Bullying's feminine side
Having three preadolescent girls under our roof, I am constantly fed the line, "You just wait!" In many ways, I am thankfully still waiting, but in others I already see the draw and power of social relations to influence, mold and alter behaviors, attire, and values.
In a new book titled, Queen Bees & Wannabes: Helping your daughter survive cliques, gossip, boyfriends and other realities of adolescence (Crown Publishers, 2002, ISBN: 0-609-60945-9), Rosalind Wiseman explores and critiques the multi-faceted, multi-tiered, multi-role "social totem pole" structure of adolescent "Girl World," exposing the "double-edged sword" world of friendships, which are the key—and threat—to adolescent survival.
Wiseman encourages adults to "develop a girl brain" by viewing the world from an adolescent girl's perspective, attempting to understand her by understanding her world. Adolescent girls are encouraged to be "floaters" in the social hierarchy, which means, among other things, to not base one's self-worth on any one group's acceptance. Parents are urged on numerous occasions to be a positive role model for their children, and to become "The Loving Hard-Ass," where unconditional love is teamed together with personal accountability. But the concise advice for effective parenting that instills values and ethics is stated simply, "Knowing her world is paramount." CPYU could not agree more!

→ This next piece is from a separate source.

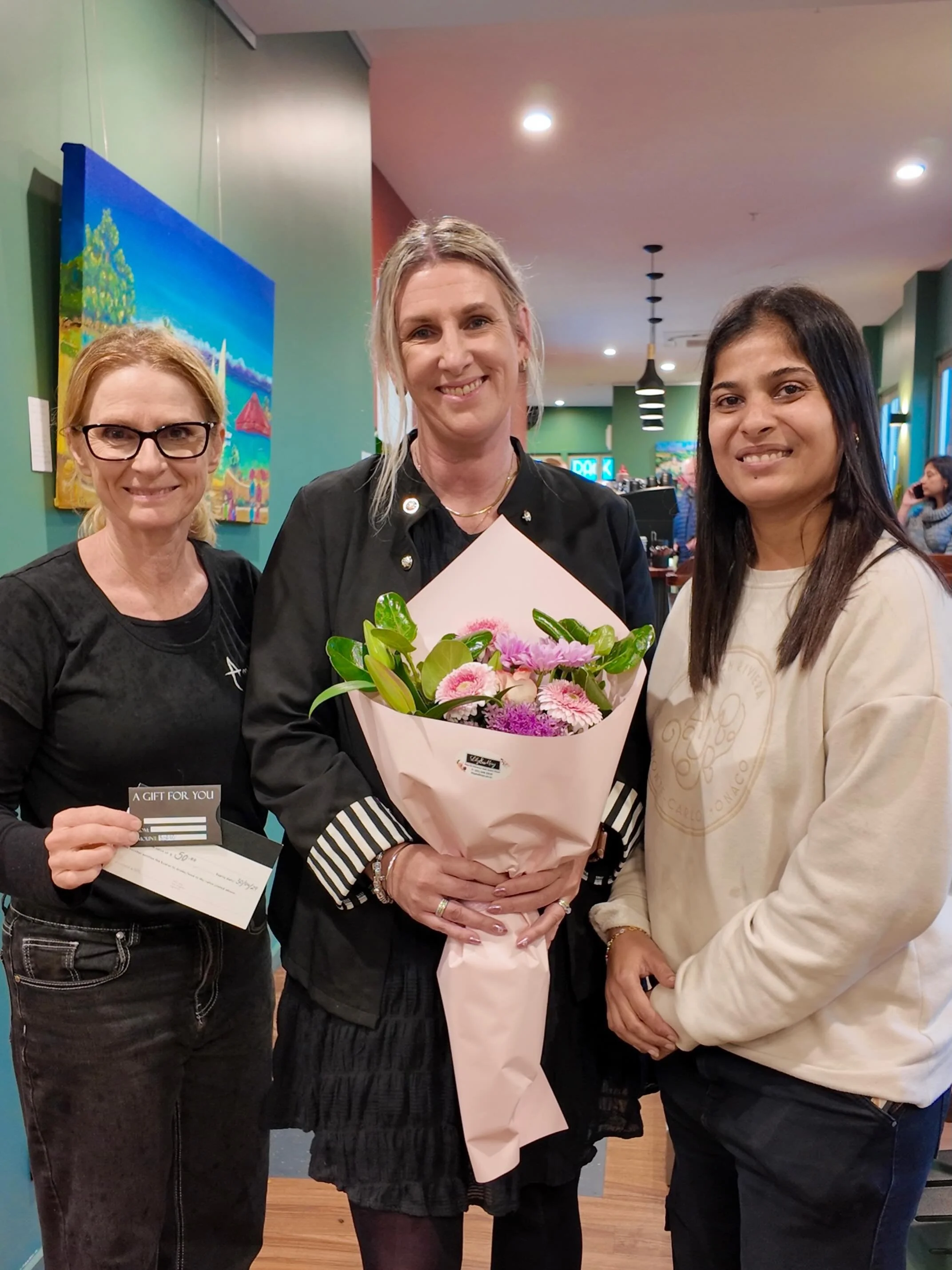 🌷 A huge congratulations to Fiona Harris&hellip; the lucky winner of our Mother&rsquo;s Day Giveaway! 💖

Fiona has won a $50 voucher from Ambrosia, a $50 voucher from Apartment 12, plus a beautiful bouquet worth $70 from Lily &amp; May 🌸✨ What a t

Queen Bees & Wannabes offers practical, step-by-step strategies to gain and build understanding with adolescent girls while avoiding and defusing the "landmines" that inherently plague parent/child communication. One idea for building understanding is to ask adolescent girls to draw a map of their school, noting the location and dynamics of people from various social orders. Queen Bees & Wannabes is an informative, insightful and occasionally objectionable book for anyone working, interacting or living with adolescent girls.